__Directions__. Copying task for the records below: reproduce each one exactly and drop the pictures.

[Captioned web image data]
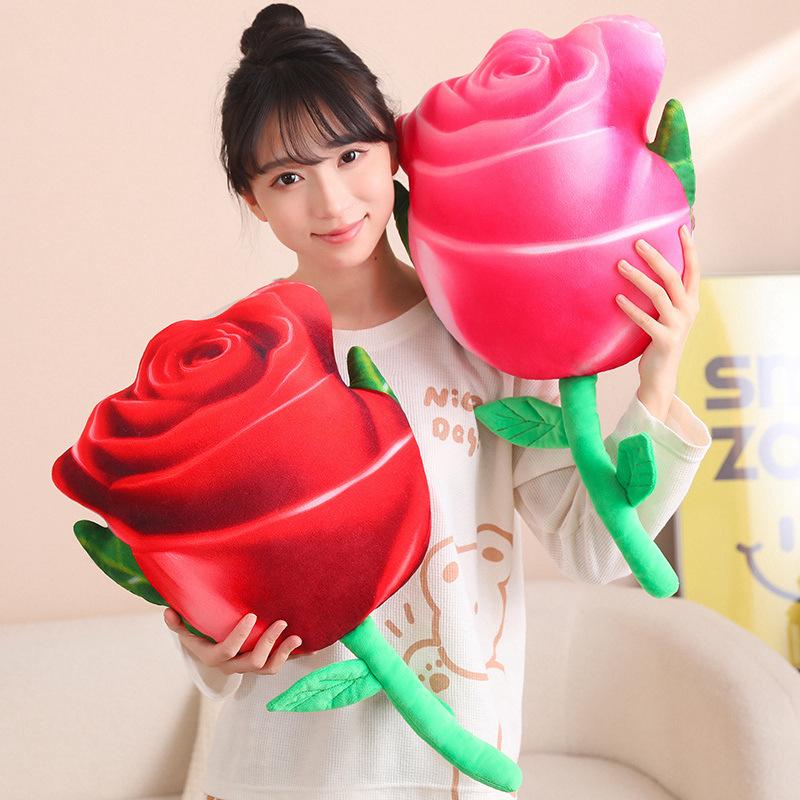 Creative Rose Throw Pillow Blanket Plush Toy Home Sofa Pillow Cushion Girls Office Nap Air Conditioner Blanket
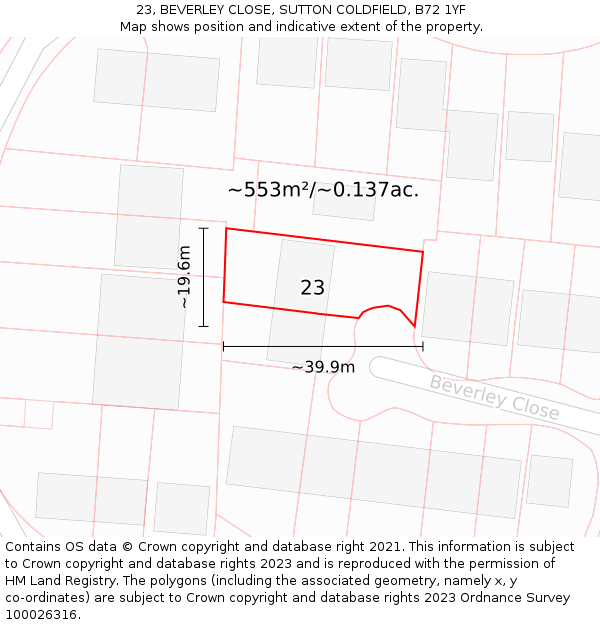23, BEVERLEY CLOSE, SUTTON COLDFIELD, B72 1YF: Plot and title map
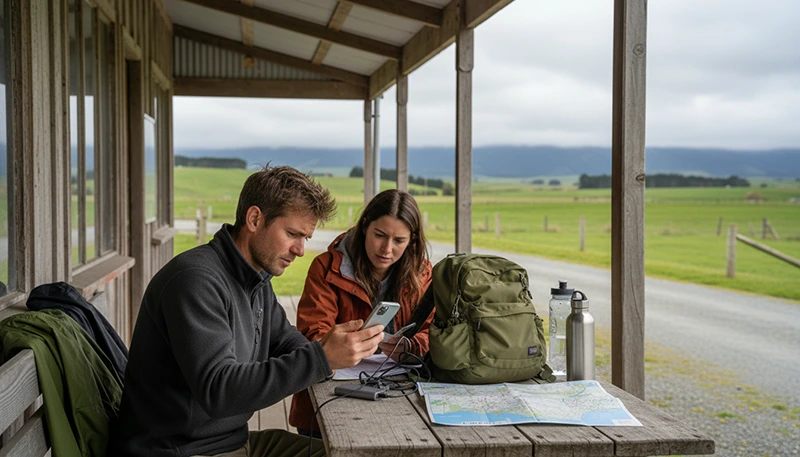 Travellers troubleshooting a New Zealand eSIM connection during a rural journey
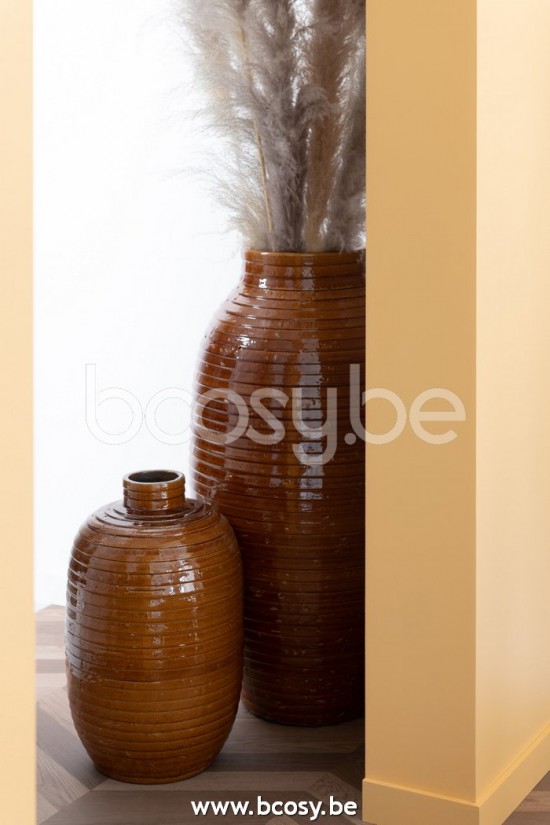 Jline Jarron Etnic Ceramica Marron Small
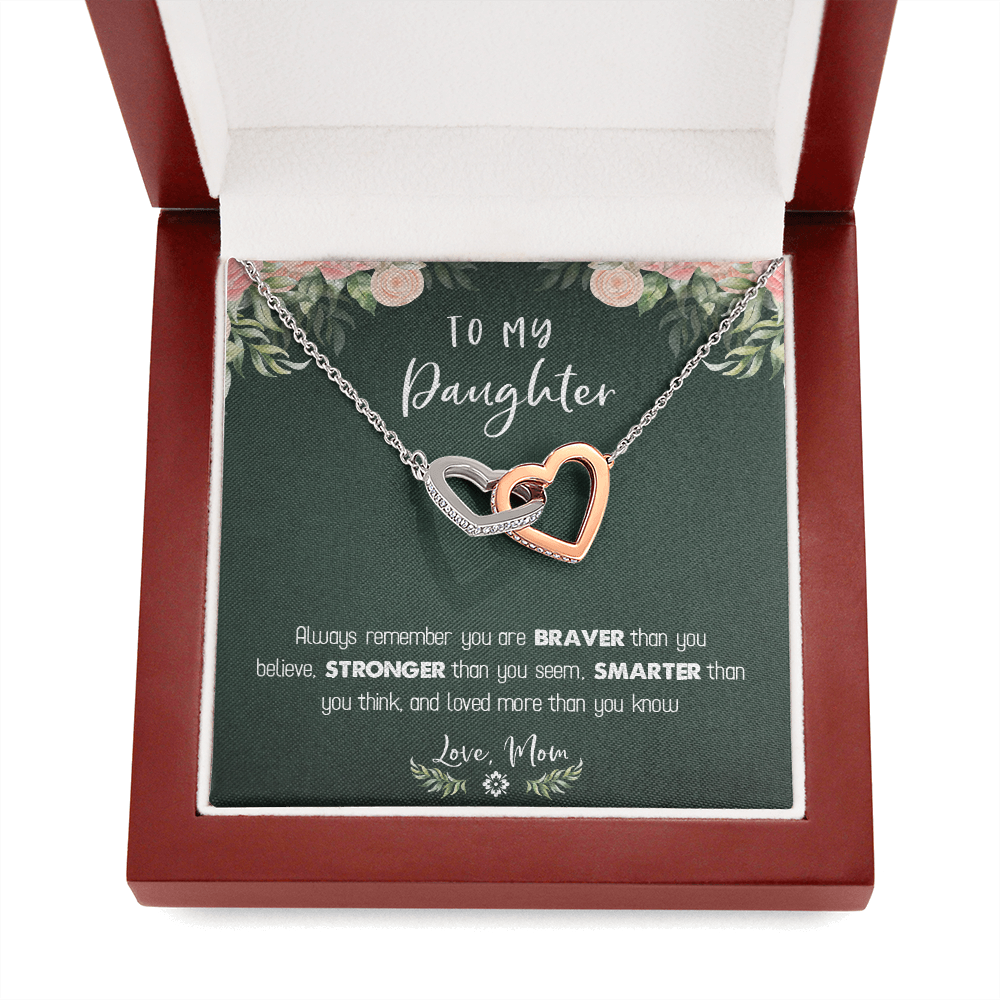 122D Necklace To My Daughter Birthday Gift From Mom, You Are Braver, Stronger,Smarter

__Written response__.
 Creative Rose Throw Pillow Blanket Plush Toy Home Sofa Pillow Cushion Girls Office Nap Air Conditioner Blanket
23, BEVERLEY CLOSE, SUTTON COLDFIELD, B72 1YF: Plot and title map
 Travellers troubleshooting a New Zealand eSIM connection during a rural journey
 Jline Jarron Etnic Ceramica Marron Small
 122D Necklace To My Daughter Birthday Gift From Mom, You Are Braver, Stronger,Smarter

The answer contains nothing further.